= Exercise brief =
Write out the stretch of lines below that begins at the line with "White_Cotton_Kurta_And_Pajama_For_Men" and ends at the line with "Grey Chiffon Printed", including both, exactly as given and nothing more.

= Material for the task =
● ● ● ●

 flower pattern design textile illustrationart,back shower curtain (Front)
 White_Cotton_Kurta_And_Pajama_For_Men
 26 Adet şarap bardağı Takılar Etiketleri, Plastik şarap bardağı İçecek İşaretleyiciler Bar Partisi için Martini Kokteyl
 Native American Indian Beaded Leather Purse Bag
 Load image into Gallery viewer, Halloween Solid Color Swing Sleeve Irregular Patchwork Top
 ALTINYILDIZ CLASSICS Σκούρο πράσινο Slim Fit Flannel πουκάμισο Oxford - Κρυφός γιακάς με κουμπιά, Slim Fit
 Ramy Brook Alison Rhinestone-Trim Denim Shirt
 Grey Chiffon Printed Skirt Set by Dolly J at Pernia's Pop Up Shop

● ● ● ●

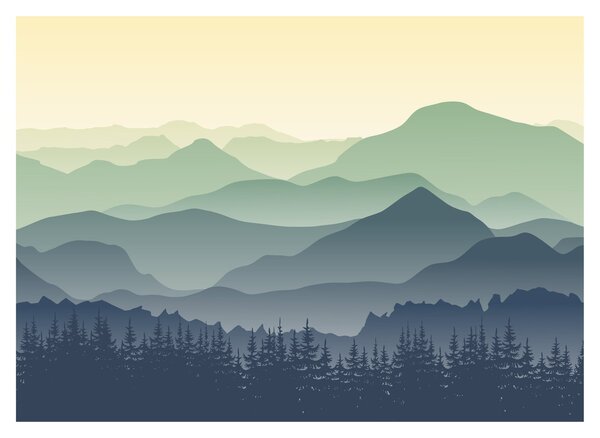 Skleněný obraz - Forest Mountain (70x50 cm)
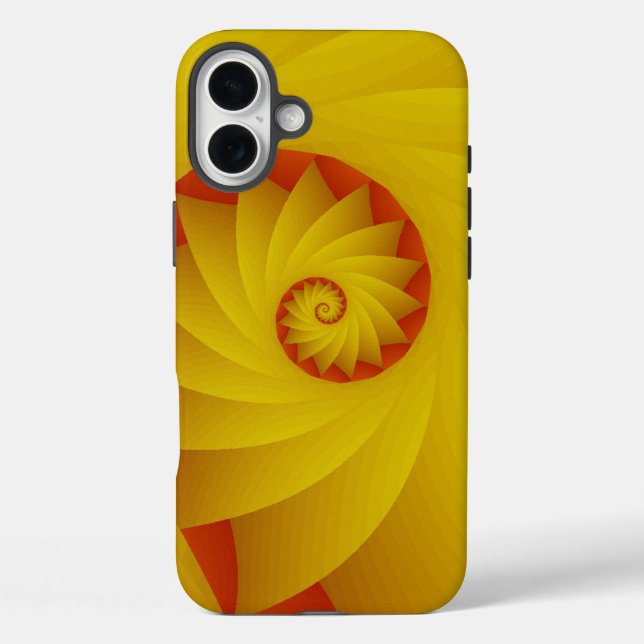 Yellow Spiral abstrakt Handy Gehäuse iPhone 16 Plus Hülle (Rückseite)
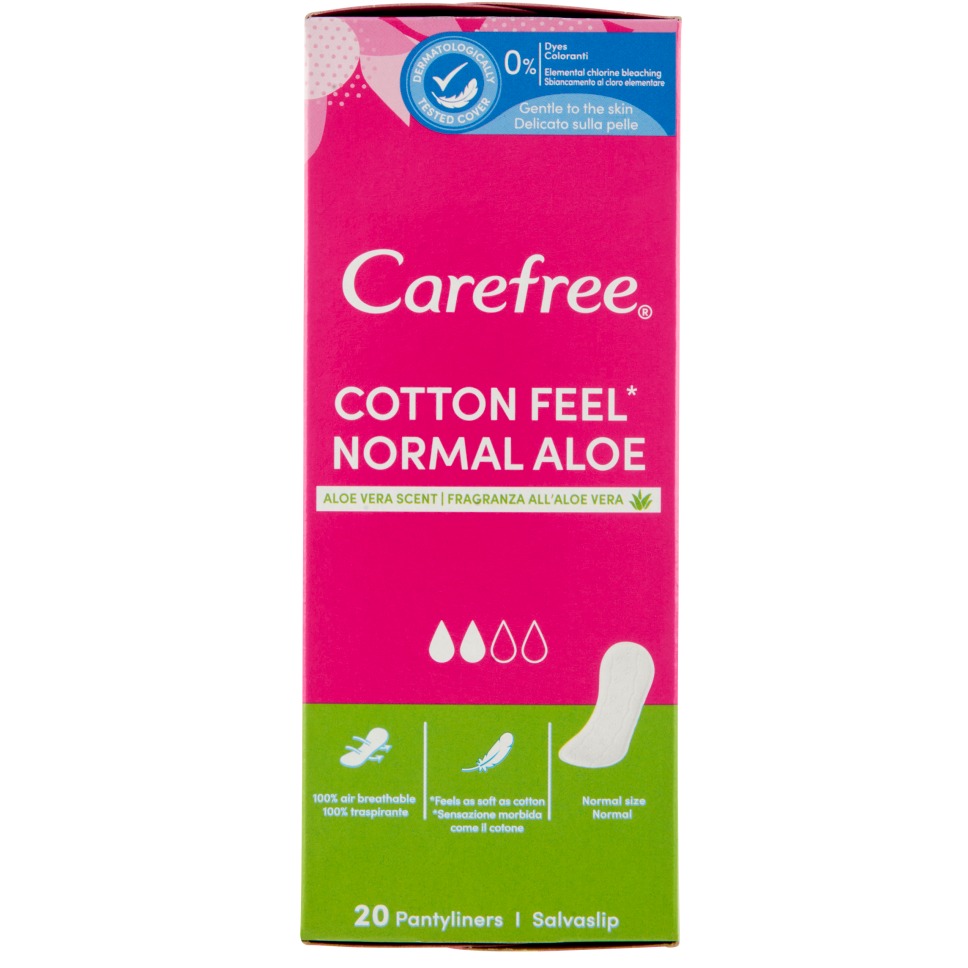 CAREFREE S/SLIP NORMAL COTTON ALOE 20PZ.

● ● ● ●

= Solution to the problem =
 White_Cotton_Kurta_And_Pajama_For_Men
 26 Adet şarap bardağı Takılar Etiketleri, Plastik şarap bardağı İçecek İşaretleyiciler Bar Partisi için Martini Kokteyl
 Native American Indian Beaded Leather Purse Bag
 Load image into Gallery viewer, Halloween Solid Color Swing Sleeve Irregular Patchwork Top
 ALTINYILDIZ CLASSICS Σκούρο πράσινο Slim Fit Flannel πουκάμισο Oxford - Κρυφός γιακάς με κουμπιά, Slim Fit
 Ramy Brook Alison Rhinestone-Trim Denim Shirt
 Grey Chiffon Printed Skirt Set by Dolly J at Pernia's Pop Up Shop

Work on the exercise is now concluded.